When we look at our kids, we don’t typically think of them as mini business moguls. But maybe we should. After all, children are naturally smart about money; it doesn’t take them long to figure out that the world is full of things they want and that many of those things include a price tag. Where parents often struggle is in balancing providing for their children with teaching them how to provide for themselves. Rather than just giving them the money to buy whatever their little hearts’ desire, some parents might be surprised to learn that the answer may be teaching them how to earn it—and starting young.
At least that’s what Gail Haynes, author of The Lemonade Stand Millionaire: A Parent’s Guide to Encouraging the Entrepreneurial Spirit in Your Kids, believes. In fact, she suggests that teaching and encouraging entrepreneurship in kids right from the get-go is part of a sound financial education.
Don’t worry—we’re not talking about a hard-driving campaign to make your toddler the next Mark Zuckerberg. Instead, it’s about helping kids build the confidence to do anything, no matter where their interests lead them into adulthood; and, ensuring they have the money skills to keep them from landing where so many adults have fallen before: broke, in debt and out of options.
Why should you nurture little entrepreneurs? Here are a few key reasons why it’s fundamental to any child’s financial education:
1. Creativity
You’d be hard pressed to accuse any kid of a lack of creativity. Just try asking a group of kindergarteners for business ideas. Chances are you’ll get some silly ideas, some surprisingly good ones, and of course, some totally outlandish suggestions. But no matter what that group of kids comes up with, you can bet that they will be so totally into their ideas, they will barely be able to contain themselves. Now, think if you asked adults the same question. Not exactly the same kind of enthusiasm.
‘With entrepreneurship, it really is about nurturing creativity,’ Haynes said. ‘When your kids come to you with business ideas, even if they sound totally impossible, talking to them about what they love about that idea and encouraging them is important. Thankfully for all the things in our world today, at least somebody at one point believed they were possible.’
With all the things you have to painstakingly teach kids to do, creativity is one key life skill you can sit back and allow to unfold. According to Haynes, encourage those creative ideas and help kids develop the confidence to turn them into something more.
2. Ambition
Haynes’ financial philosophy sprung from her own experience when she suddenly became a single parent, leaving her and her kids in a very tough financial spot.

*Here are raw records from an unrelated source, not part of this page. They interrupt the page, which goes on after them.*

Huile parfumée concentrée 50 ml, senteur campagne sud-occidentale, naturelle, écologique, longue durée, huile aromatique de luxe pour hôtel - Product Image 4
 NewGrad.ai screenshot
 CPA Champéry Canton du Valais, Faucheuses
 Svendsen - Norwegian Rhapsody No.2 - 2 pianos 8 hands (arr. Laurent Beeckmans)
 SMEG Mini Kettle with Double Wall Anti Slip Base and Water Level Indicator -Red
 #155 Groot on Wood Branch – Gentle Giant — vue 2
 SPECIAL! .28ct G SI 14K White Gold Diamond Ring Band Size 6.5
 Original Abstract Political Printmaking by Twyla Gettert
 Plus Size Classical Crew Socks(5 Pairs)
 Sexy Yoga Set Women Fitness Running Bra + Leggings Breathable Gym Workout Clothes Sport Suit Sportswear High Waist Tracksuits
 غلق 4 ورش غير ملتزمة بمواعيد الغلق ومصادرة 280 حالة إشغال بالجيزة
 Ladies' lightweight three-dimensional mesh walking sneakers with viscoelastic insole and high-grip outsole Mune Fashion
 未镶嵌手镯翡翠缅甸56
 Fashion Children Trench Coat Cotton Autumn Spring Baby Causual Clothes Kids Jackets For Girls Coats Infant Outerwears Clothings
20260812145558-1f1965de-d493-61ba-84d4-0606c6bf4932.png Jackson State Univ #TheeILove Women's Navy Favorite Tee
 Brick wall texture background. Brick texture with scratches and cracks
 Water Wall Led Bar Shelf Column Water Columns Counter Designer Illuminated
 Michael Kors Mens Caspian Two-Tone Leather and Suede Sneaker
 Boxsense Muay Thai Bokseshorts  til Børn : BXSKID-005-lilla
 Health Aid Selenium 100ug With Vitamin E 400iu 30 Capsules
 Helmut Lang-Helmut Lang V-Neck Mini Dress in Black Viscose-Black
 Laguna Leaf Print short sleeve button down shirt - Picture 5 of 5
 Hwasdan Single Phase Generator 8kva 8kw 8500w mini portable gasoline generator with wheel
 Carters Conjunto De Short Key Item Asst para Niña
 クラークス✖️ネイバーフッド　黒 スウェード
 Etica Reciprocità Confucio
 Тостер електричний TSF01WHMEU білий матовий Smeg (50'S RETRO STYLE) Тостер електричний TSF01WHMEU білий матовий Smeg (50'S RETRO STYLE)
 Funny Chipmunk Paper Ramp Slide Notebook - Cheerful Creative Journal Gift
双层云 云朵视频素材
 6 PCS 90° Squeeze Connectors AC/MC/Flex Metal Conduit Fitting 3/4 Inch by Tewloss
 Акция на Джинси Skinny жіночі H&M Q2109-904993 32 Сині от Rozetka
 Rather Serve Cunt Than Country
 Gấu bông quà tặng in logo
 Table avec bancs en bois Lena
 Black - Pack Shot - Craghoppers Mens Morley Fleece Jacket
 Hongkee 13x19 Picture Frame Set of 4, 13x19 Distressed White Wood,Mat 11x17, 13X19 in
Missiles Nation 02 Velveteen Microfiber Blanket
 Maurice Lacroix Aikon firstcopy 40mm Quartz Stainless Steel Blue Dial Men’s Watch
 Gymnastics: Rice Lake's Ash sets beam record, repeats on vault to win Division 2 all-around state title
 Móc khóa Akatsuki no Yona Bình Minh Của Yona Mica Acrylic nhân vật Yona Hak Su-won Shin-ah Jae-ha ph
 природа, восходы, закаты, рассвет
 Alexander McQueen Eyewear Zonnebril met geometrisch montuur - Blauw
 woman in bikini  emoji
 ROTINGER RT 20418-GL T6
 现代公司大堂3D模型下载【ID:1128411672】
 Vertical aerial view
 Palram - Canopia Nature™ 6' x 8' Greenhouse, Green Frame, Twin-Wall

‘I realized that even though I had my own business and worked hard, I didn’t do smart things with my money. I didn’t want my kids to find themselves in the same financial position. We were literally heating our house with a wood stove and living by candlelight. It was not a fun time. So I started to teach them about what they could do,’ Haynes said.
What she found is that the more she taught her kids about how they could earn money and spend it wisely, the more they looked for ways to do it. In other words, understanding how money works may help kids develop the sense of ambition it takes to earn, save and invest it in the future.
‘They started thinking about what they could do to earn money. That turned to lemonade stands and then when they were ages 7 and 9, they started their own business selling rabbits.’ (A business that is still thriving—and debt free—more than seven years later.)
3. Money Management
So how exactly does Haynes encourage the business drive in her kids? To start, she treats them a lot like adults. They do chores, they negotiate jobs around the house, and if they complete all the work they’ve agreed to do, they get ‘a paycheque.’
‘I call it a paycheque, not an allowance,’ Haynes said.
That, in itself, according to Haynes, encourages kids to look for ways to earn money, rather than just asking for it. As an extension, Haynes believes that some kids will follow this with a natural desire to be entrepreneurial, such as through a lemonade stand or mowing the neighbour’s lawn.